Il coreografo ungherese Josef Nadj, con il progetto coreografico OMMA, punta lo “s” guardo verso le origini dell’umanità. Dal greco antico i a l o m m a = relativo all’ OCCHIO, è uno dei simboli più usati dagli antichi greci. Era l’occhio apotropaico, aggettivo che significa, in grado di tenere lontano la malasorte. I Greci non mancavano mai di fregiare le prore delle navi con gli occhi, chiamati oftalmoi, protettori delle barche e dell’equipaggio contro la sfortuna, oppure antropomorfica, in quanto, per i marinai superstiziosi, la barca era considerata quasi come un essere vivente, che dunque aveva bisogno di OCCHI, per guardare il cammino in mare davanti a sé.
La scrittura coreografica di Nadj, presentata già, in Prima italiana alla Biennale Danza di Venezia, nel 2021, si colora di magia rituale e fascinazione, nella cornice dell’anfiteatro, en plein air, dell’Arena Shakespeare, nel contesto della programmazione estiva del teatroDUE di Parma.
Un gruppo di otto danzatori provenienti da svariati Paesi, Mali, Senegal, Costa d’Avorio, Burkina Faso e due Congo, insieme formano un unico corpo, che punta l’occhio alle origini dell’umanità, alla mather TERRA Africa, e lo fanno vestiti con abiti occidentali, giacca e pantaloni, per cercare sotto pelle, under skin, il trait d’union, che lega l’essere umano ad ogni storia simile alla propria in cui ri-trovarsi.

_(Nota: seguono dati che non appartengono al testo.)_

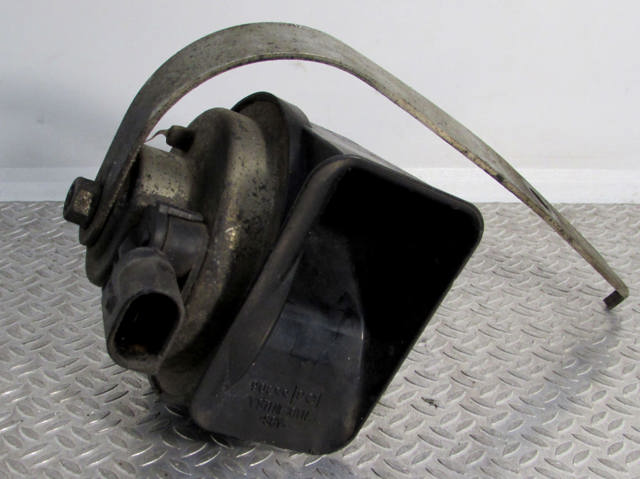 Сигнали звукові 61337173574 BMW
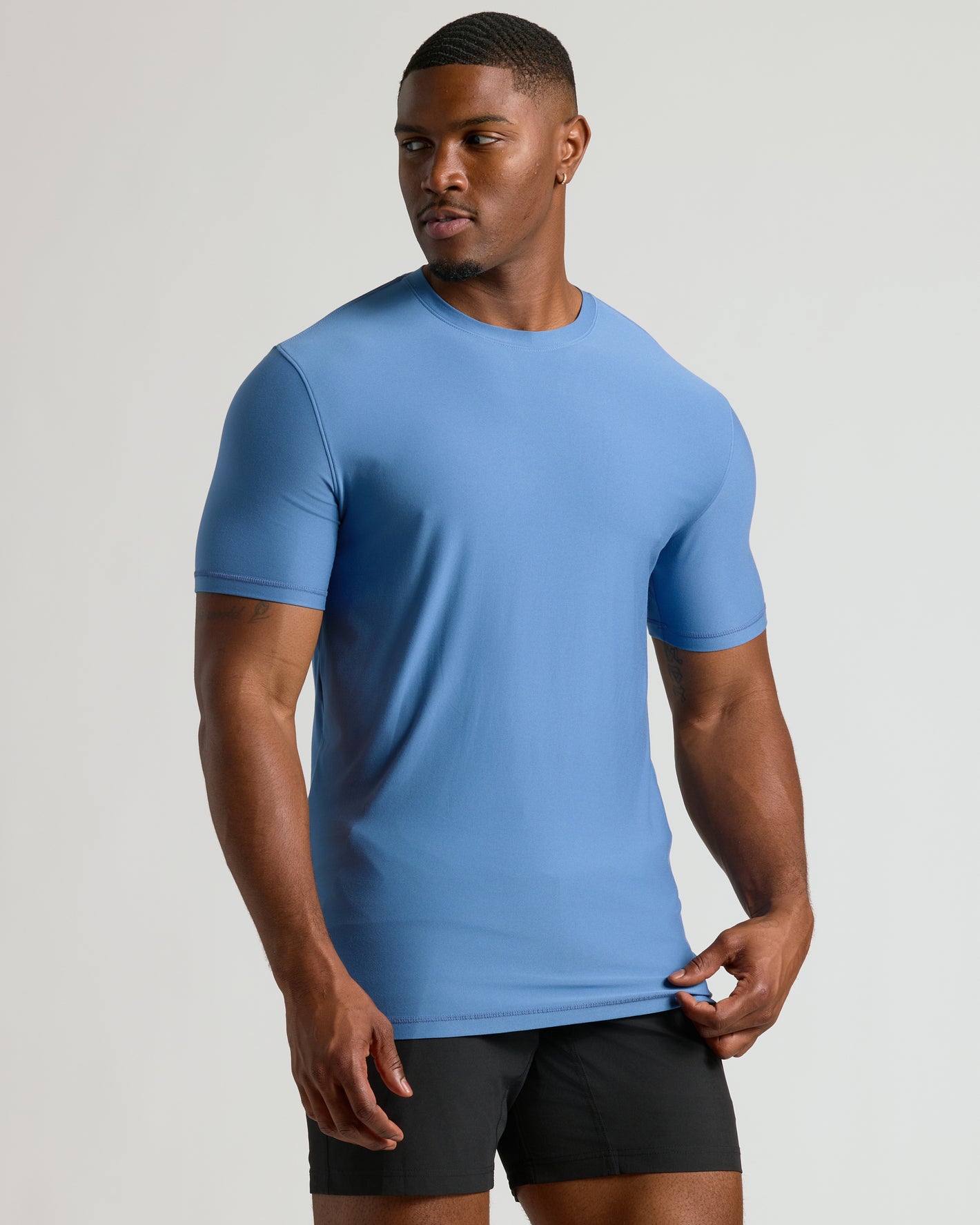 Azul Tall Active Crew Neck 2.0 worn by muscular man.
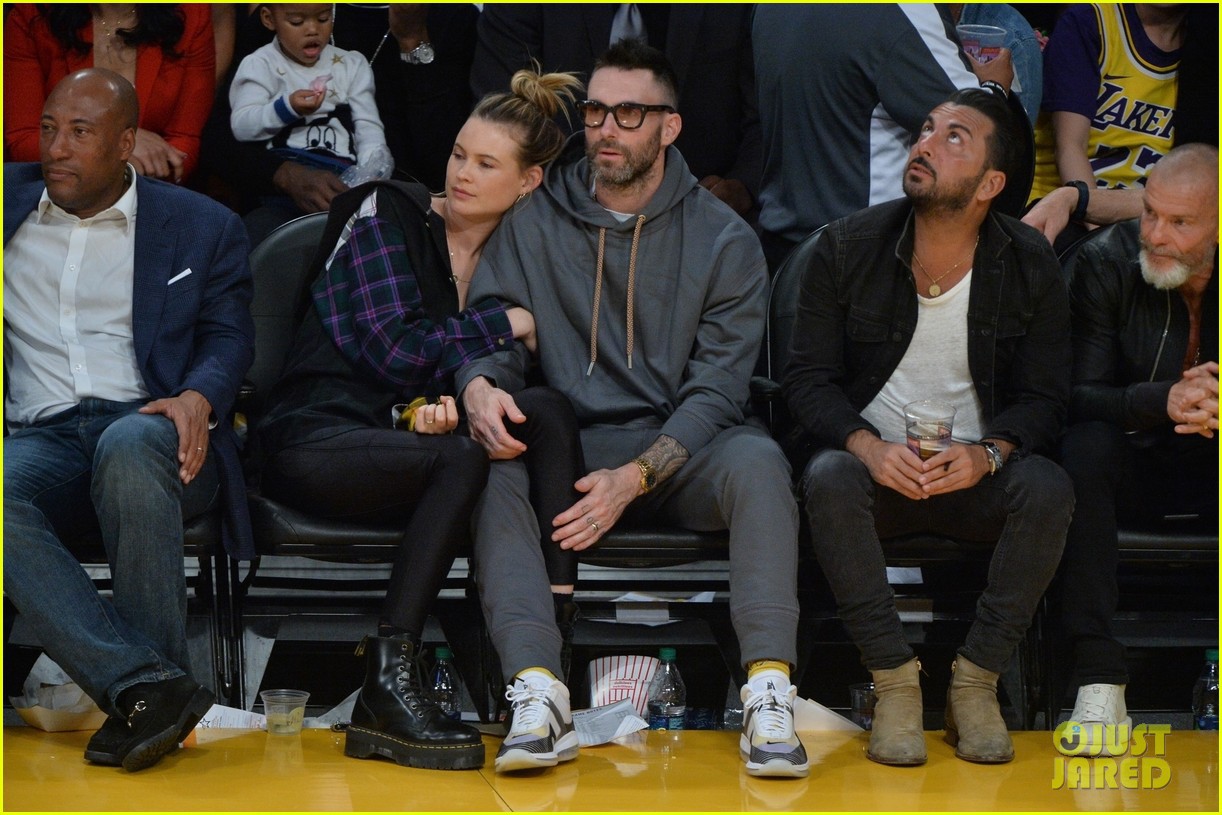 Ai cũng phải ghen tị khi nhìn vợ chồng Adam Levine cưới nhau 4 năm vẫn ôm hôn hạnh phúc giữa nơi đông người! - Ảnh 9. Ai cũng phải ghen tị khi nhìn vợ chồng Adam Levine cưới nhau 4 năm vẫn ôm hôn hạnh phúc giữa nơi đông người! - Ảnh 9.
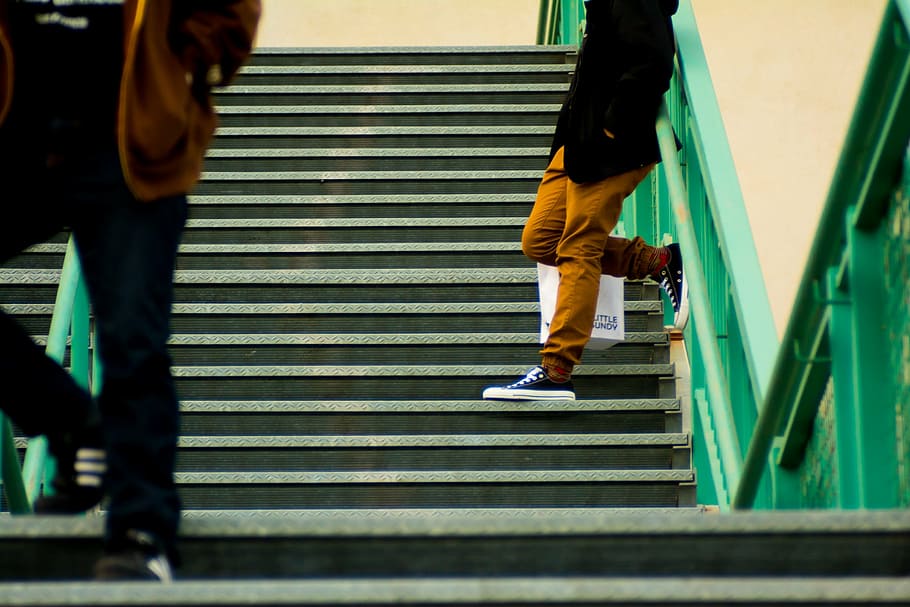 person standing on stairs while leaning on wall, steps, people HD wallpaper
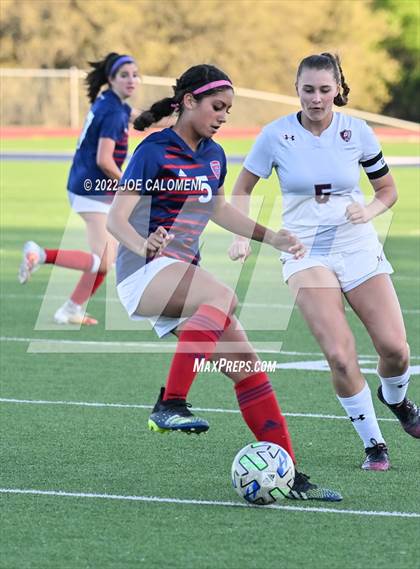 Thumbnail 1 in Wimberley vs Davenport (UIL 4A Region 4 Regional Semifinal) photogallery.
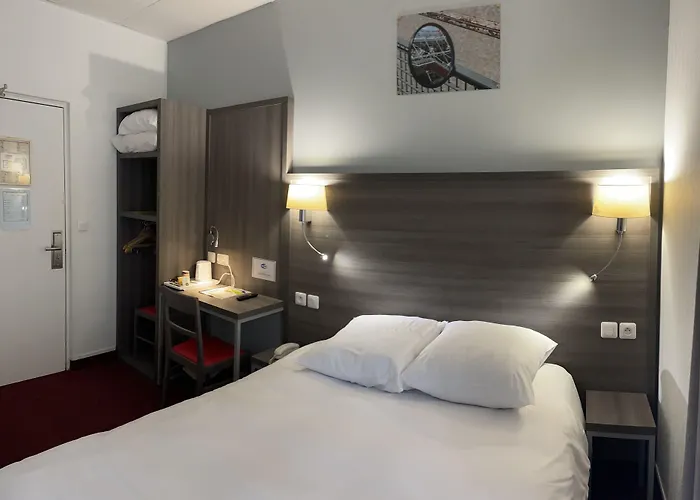 Lilas Gambetta Париж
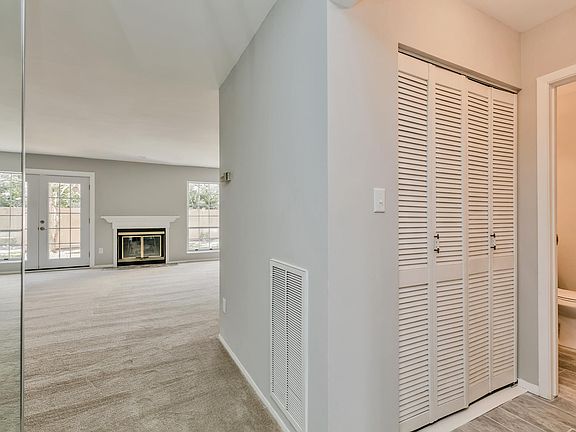 4th image of 476 Village Oaks Ln
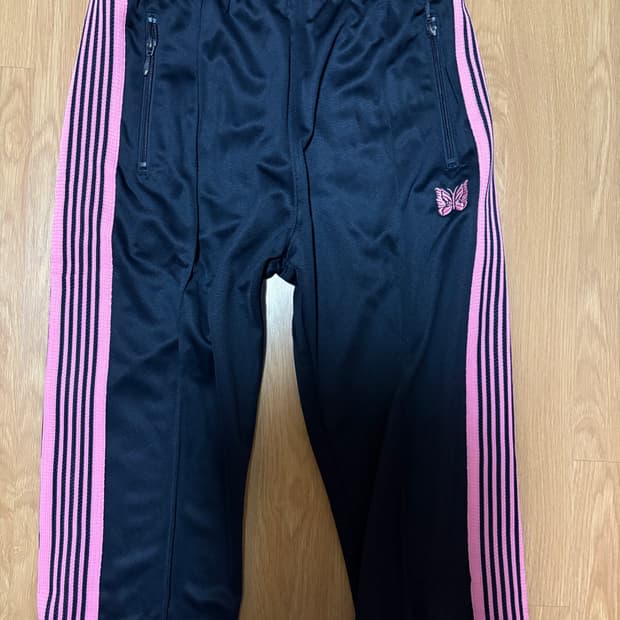 니들스 네이비 핑크 팬츠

Josef Nadj, scandaglia e conduce i suoi danz-attori, propri di vocalizzi e ritmi e suoni prodotti dai corpi, in un viaggio in cui la metamorfosi della danza corale ed individuale, si rende cellula pulsante e primordiale , di un possibile nucleo d’origine del movimento stesso, flusso che invita a rimanere vigili attenti e partecipi di un evento che CI appartiene e rispecchia, continuando a tessere quel fil rouge che sgorga dalle bocche dei danzatori, al termine dello spettacolo, come oggetto simbolico di continuità tra la vita e la morte, tra eros e tanathos.